- [WHAT IS REQUIRED]: Reproduce exactly the lines from the one containing "Actual product image" through the last line of the records below, both included. Leave out any pictures.

- [RECORDS FOR THE TASK]:

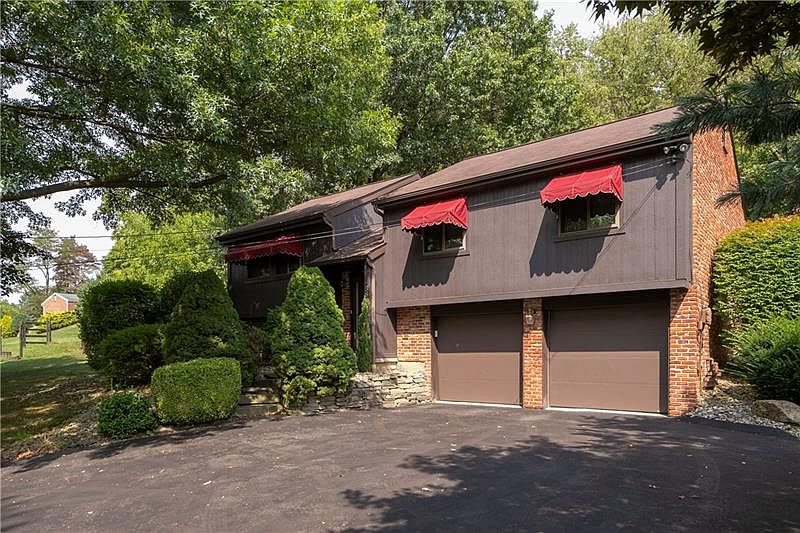 5896 Claridge Export Rd, Export, PA 15632 Zillow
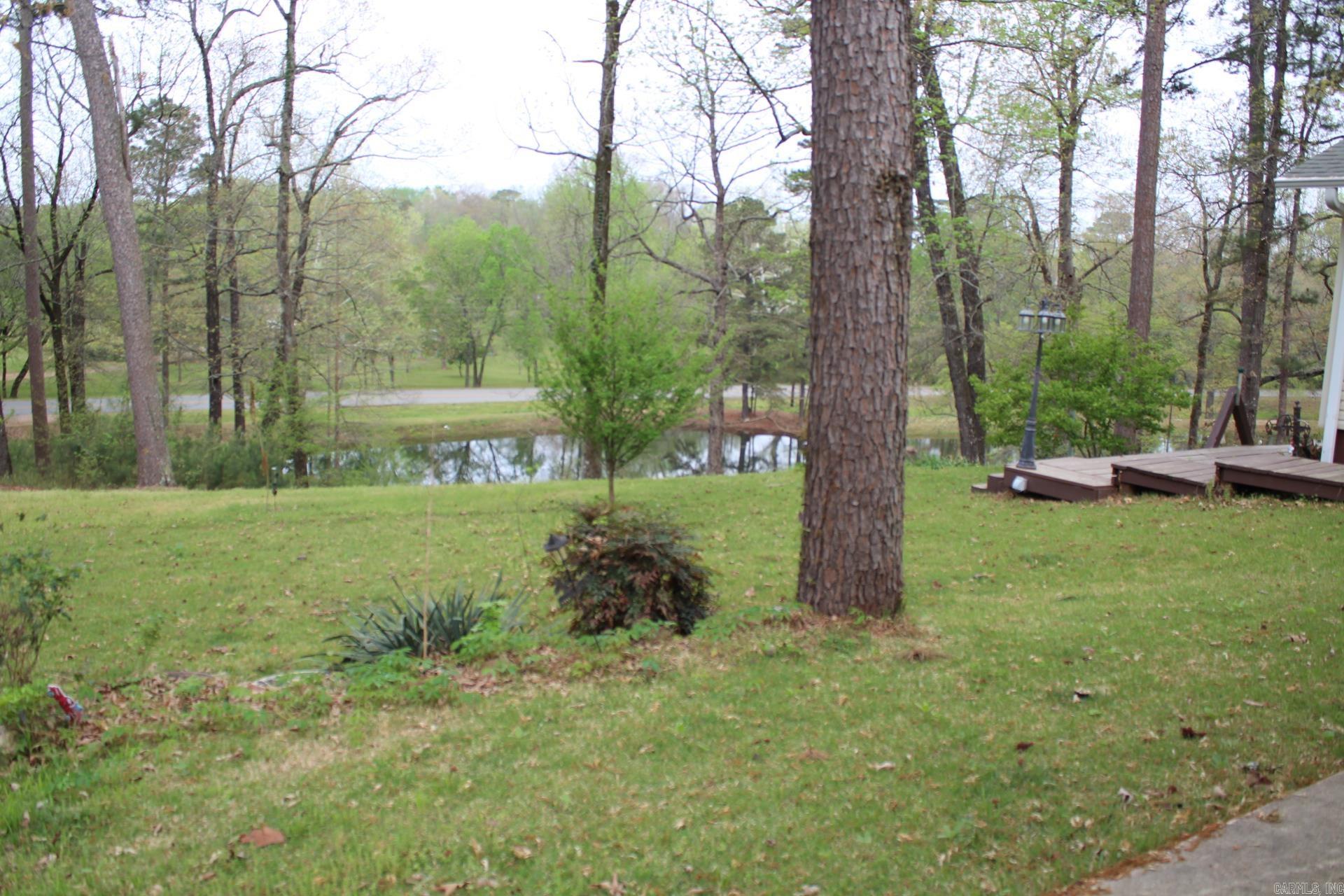 330 N Park  Lockesburg, AR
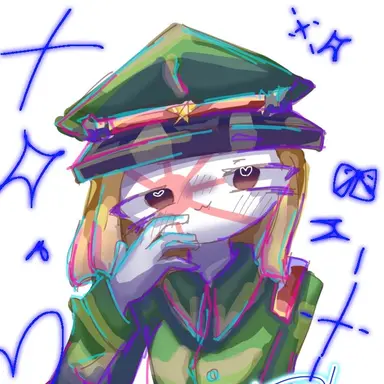 Profile image of 日帝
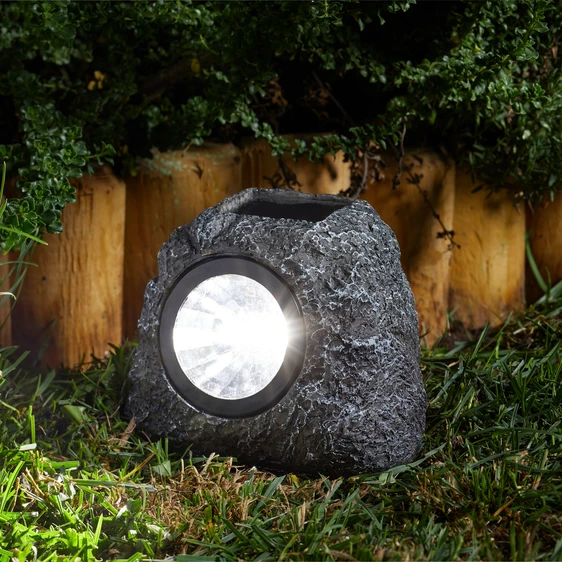 Granite Rock Spotlight Set - image 1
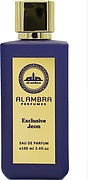 Alhambra Exclusive Jeon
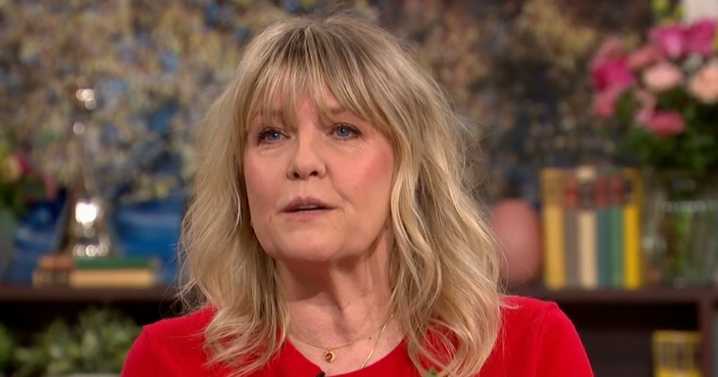 BBC Shetland star recalls moment filming was halted as major scene disrupted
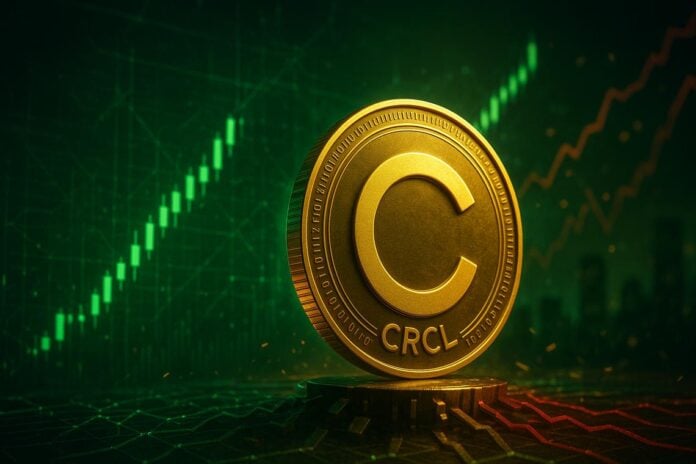Circle stock
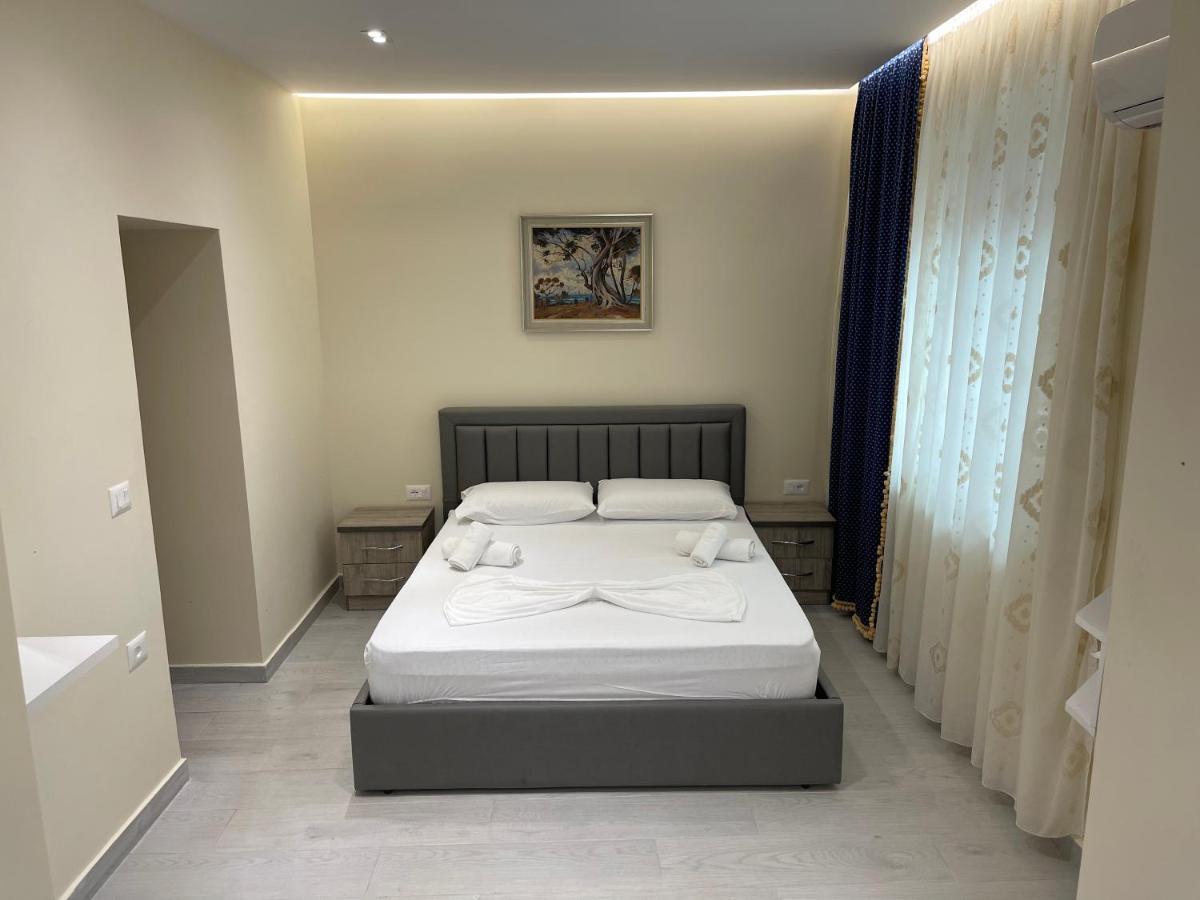 Little Cozy Apartment 4 Sarandë 외부 사진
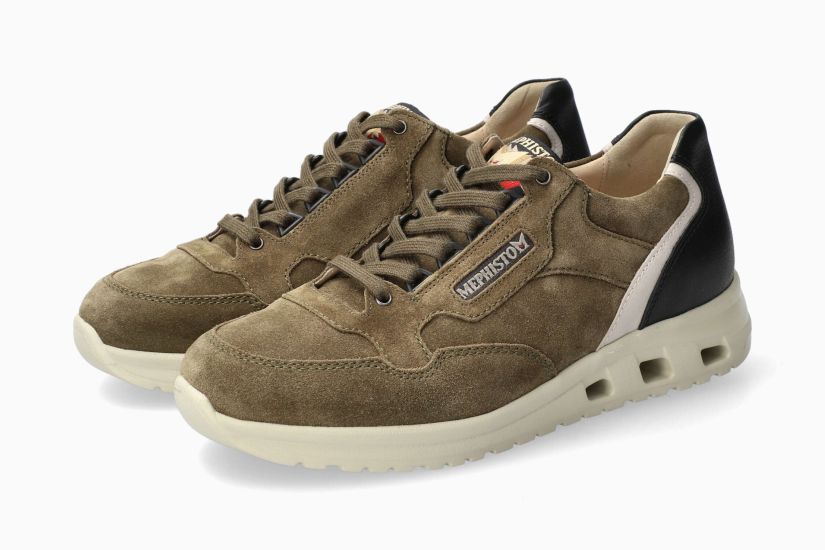 Allrounder By Mephisto MEPHISTO JANSEN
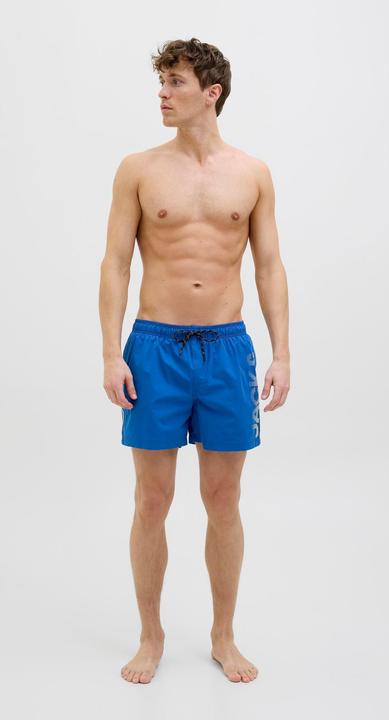 Actual product image Jack & Jones Badehose MAUI Schwimm-Shorts (XXL)
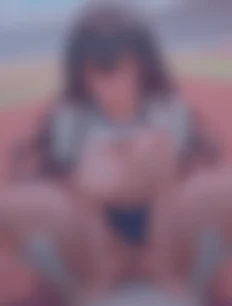 Yukinoshita Yukino hentai ai lvl3 preview 4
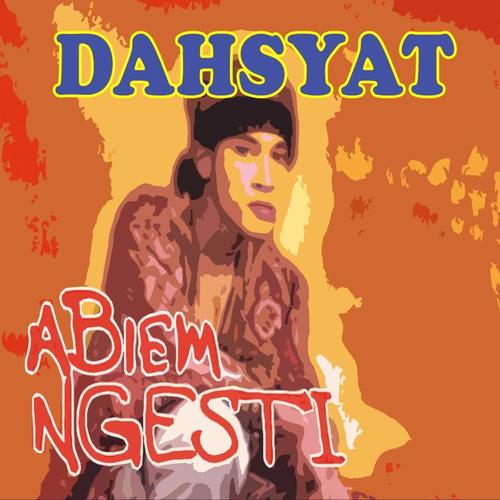 Dahsyat (Explicit)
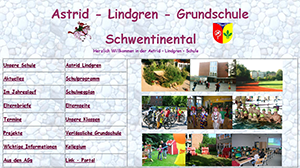 Astrid-Lindgren-Schule Schwentinental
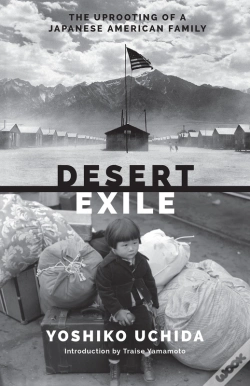 Capa do artigo Desert Exile
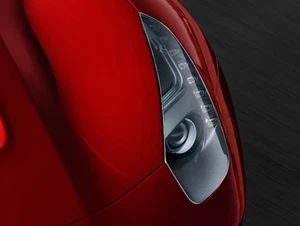 Original Ferrari F12 Carbon Scheinwerfer mit AFS, Paar 297797 & 297799 - Neu - Bild 1 von 1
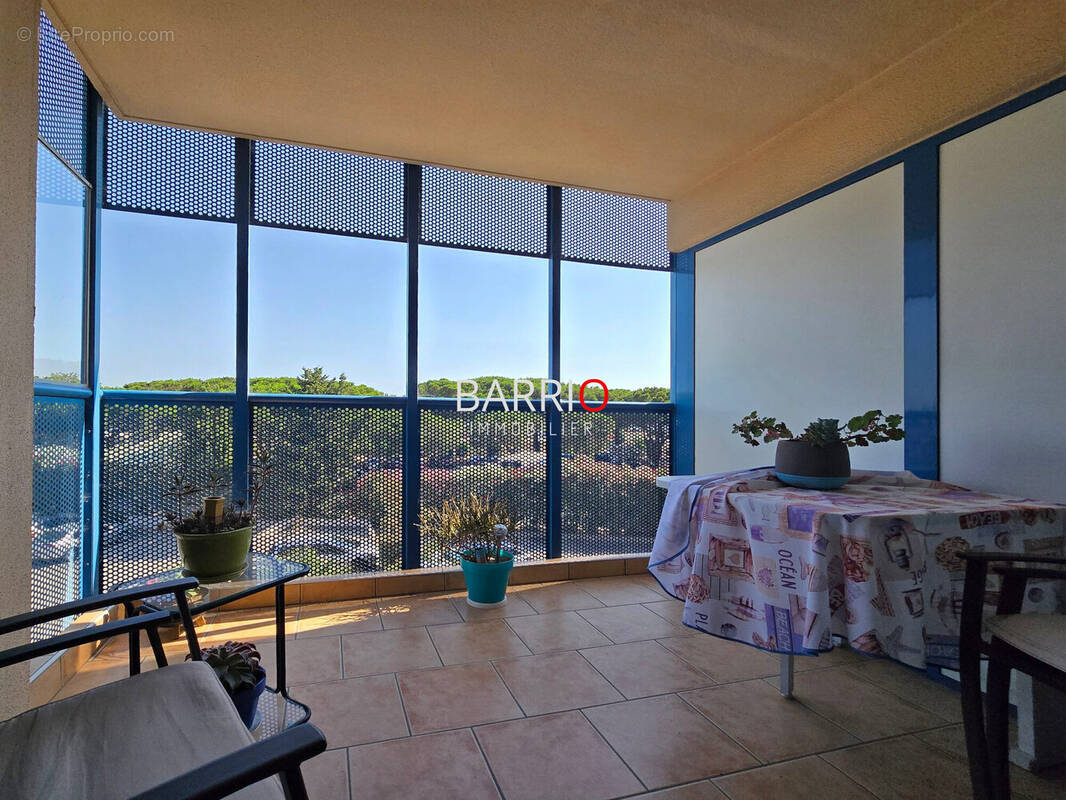 Appartement à ARGELES-SUR-MER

- [TASK ANSWER]:
 Actual product image Jack & Jones Badehose MAUI Schwimm-Shorts (XXL)
 Yukinoshita Yukino hentai ai lvl3 preview 4
 Dahsyat (Explicit)
 Astrid-Lindgren-Schule Schwentinental
 Capa do artigo Desert Exile
 Original Ferrari F12 Carbon Scheinwerfer mit AFS, Paar 297797 & 297799 - Neu - Bild 1 von 1
 Appartement à ARGELES-SUR-MER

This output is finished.